News

Over 5000 Write to Obama in Support of Intent to Cancel the Dump

Licensing Board Admits 299 Contentions for Hearing on Proposed Yucca Mountain Radioactive Waste Dump;

May 11, 2009 - Today the U.S. Nuclear Regulatory Commission announced that eight parties, including the States of Nevada and California and a number of impacted Counties in both states, have been admitted to a hearing process that will consider 299 contested issues in the licensing of the proposed Yucca Mountain, Nevada, radioactive waste dump. Other parties that also filed contentions that may still be admitted include the Timbisha Shoshone Tribe.

Last week, President Obama submitted his FY 2010 budget, which explicitly calls for an end to the Yucca Mountain project and includes only enough funding for the Department of Energy to participate in the licensing process. On May 4th, President Obama received a letter of support from hundreds of organizations and more than 5,000 individuals, for that stand, and for his determination that the Department of Energy conduct a review of federal policy on radioactive waste, specifically irradiated fuel and high-level radioactive waste slated for the Yucca Mountain site. The letter, posted at: http://www.nirs.org/radwaste/hlw/obamaltrsigners.pdf enumerates the reasons that people in communities impacted by radioactive waste today-including reactor communities where the waste is generated and currently stored on site, communities targeted for so-called "temporary" waste storage sites and for potential reprocessing sites--all support the cancellation of Yucca. In addition, this community offered the President further views, including why reprocessing is neither appropriate waste management, nor a waste "solution."

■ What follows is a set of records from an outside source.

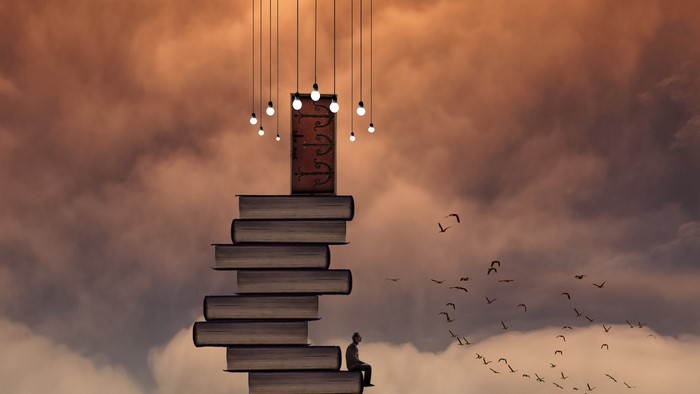 Man sitting on books leading to a door with lights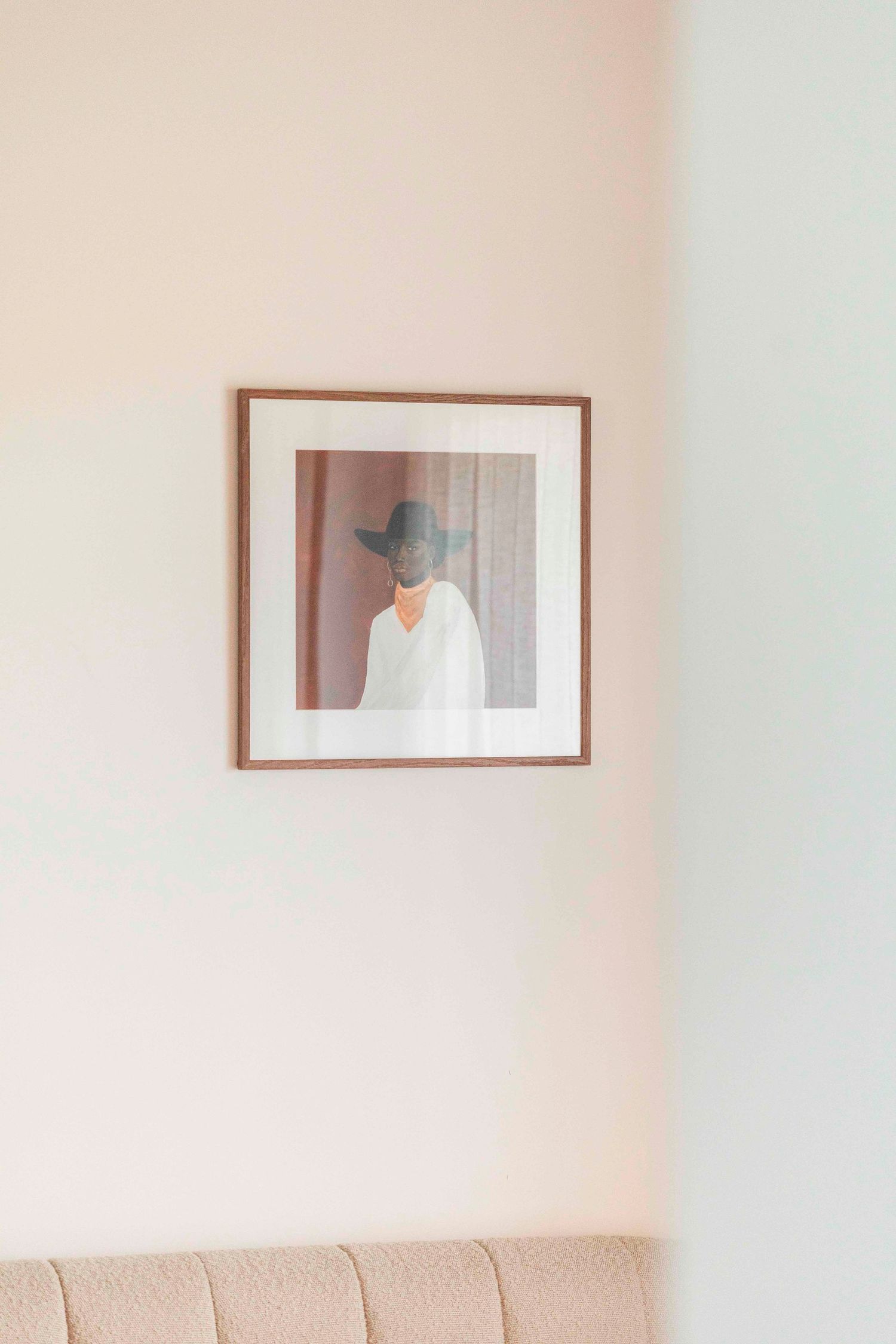 Minimalist framed artwork hanging on a pale pink wall above a sofa.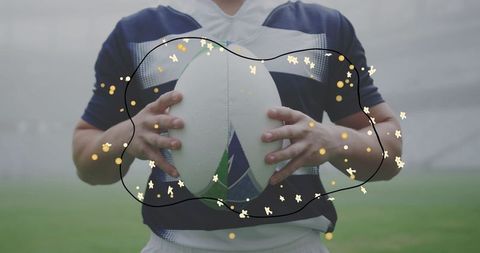 Holding rugby ball closeup, player wearing navy jersey gripping white oval ball on pitch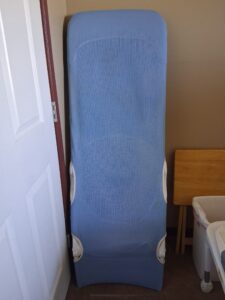 Light blue, rectangular shower chair seat. It is detached from its base and propped up against the wall. Very gently used condition.
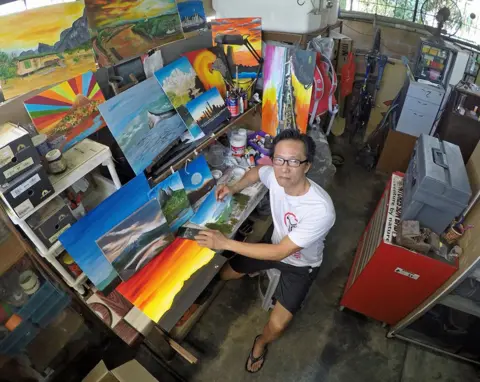 Malcolm Jitam Man with his paintings in Malaysia
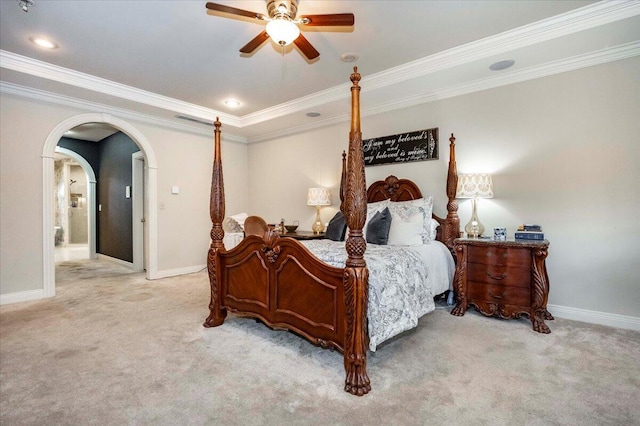 carpeted bedroom with ceiling fan and crown molding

"The decision by the Atomic Safety Licensing Board is a historic moment in the Atomic Age: the disposal of the unavoidable byproduct of the construction of nuclear weapons and the generation of electric power using fission in a site selected by politics rather than science will not stand unexamined," said Mary Olson, of the NIRS Radioactive Waste Project. "We congratulate the people of Nevada and the Shoshone Nation in their persistent pursuit of sound science, good policy and the protection of this and future generations from a monstrous atomic blunder."